Tidak sedikit yang berpendapat bahwa naturalisasi menghambat perkembangan pembibitan pemain lokal dan regenerasi talenta muda. Dalam beberapa tahun terakhir, isu itu makin relevan di Indonesia dengan hadirnya pemain-pemain yang dinaturalisasi guna memperkuat skuad Merah Putih di berbagai kompetisi internasional. 

Yang berpandangan netral mengambil sikap bahwa naturalisasi merupakan metode untuk menemukan keseimbangan antara memanfaatkan keahlian pemain naturalisasi dan tetap memberikan ruang bagi talenta lokal untuk berkembang. 

Menurut artikel 6 aturan FIFA, tanpa pertalian ”darah”, pesepak bola dapat mewakili timnas suatu negara jika memenuhi salah satu dari syarat berikut ini: ia lahir di negara tersebut, atau memiliki ayah atau ibu kandung atau kakek atau nenek yang lahir di sana, atau telah tinggal di negara itu selama lima tahun secara berturut-turut setelah menginjak usia 18 tahun. 

Dengan aturan yang lebih luas itu, seorang pemain dapat memenuhi syarat untuk mewakili beberapa negara. 

Contohnya, sebelum menjadi warga negara Indonesia (WNI), Sandy Walsh boleh mewakili Belgia, Inggris, Irlandia, Swiss, Belanda, atau Indonesia.
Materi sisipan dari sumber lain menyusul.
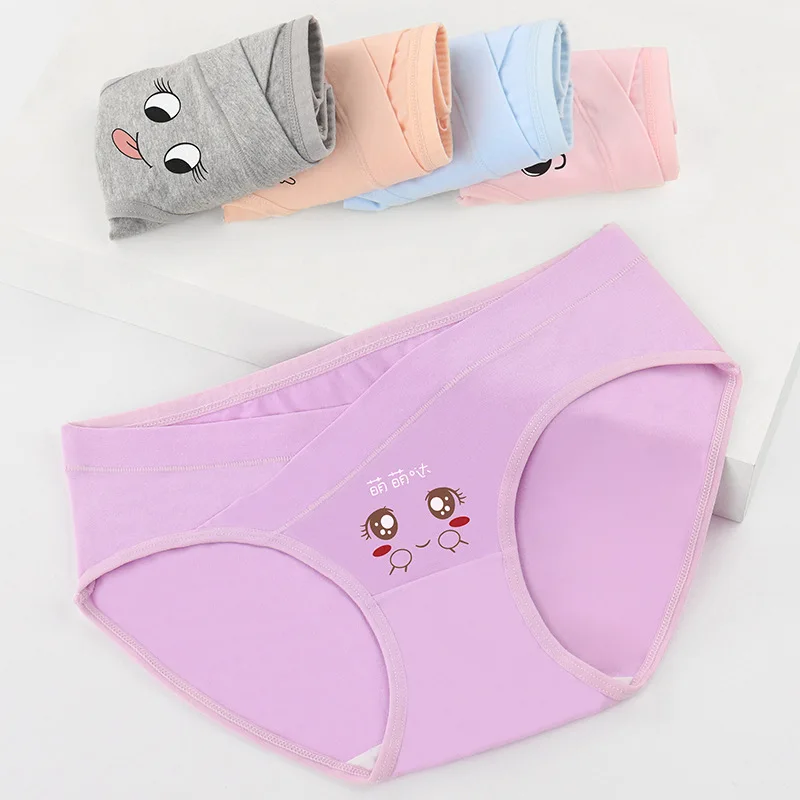 Maternity Panties Women Clothing Pregnant Cotton U-Shaped Low-waist Briefs Seamless Soft Care Abdomen Underwear Plus Size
Sebab, ia lahir di Belgia, berbapak berkebangsaan Irlandia kelahiran Inggris dan beribu Indonesia terlahir di Swiss. 

Selain itu, Walsh tumbuh besar di Belanda dan menjadi bagian dari timnas Belanda kelompok usia U-15 hingga U-20, termasuk ketika memenangi kejuaraan Eropa U-17 pada 2012 di Slovenia. Proses naturalisasi pemain timnas jalur itu dapat dilihat dari apa yang dialami Cristian Gonzales dan Marc Klok. 

Mereka tidak memiliki garis keturunan Indonesia, tetapi memenuhi syarat naturalisasi setelah mencapai masa tinggal minimal. Keduanya kemudian menjadi bagian penting timnas di era masing-masing. 

Gelombang naturalisasi diaspora dimulai dengan pesepak bola Kim Kurniawan, keturunan Indonesia berkebangsaan Jerman, disusul Diego Michiels, Stefano Lilipaly, dan lain-lain. Sejak akhir 2022, terjadi lonjakan signifikan jumlah naturalisasi pemain sepak bola tanah air.

Jika Sandy Walsh dan dua belas pemain lainnya dinaturalisasi dalam dua tahun terakhir berdasar keturunan, kasus Maarten Paes berbeda. Meski nenek dari pihak ibu Paes lahir di Kediri, Jawa Timur, keluarganya tidak memiliki darah Indonesia. 

Berdasar aturan, Paes tidak memenuhi syarat kewarganegaraan Indonesia karena Indonesia tidak mengakui prinsip ius soli (kewarganegaraan berdasar tempat lahir). 

Namun, pada 30 April 2024, Paes resmi menjadi WNI berkat Pasal 20 dalam UU Kewarganegaraan yang memberikan wewenang kepada presiden untuk memberikan kewarganegaraan kepada individu yang berjasa atau dengan alasan untuk kepentingan negara. 

Dalam hal ini, sepak bola dianggap sebagai kepentingan negara dan Paes dilihat dapat memberikan jasanya kepada negara.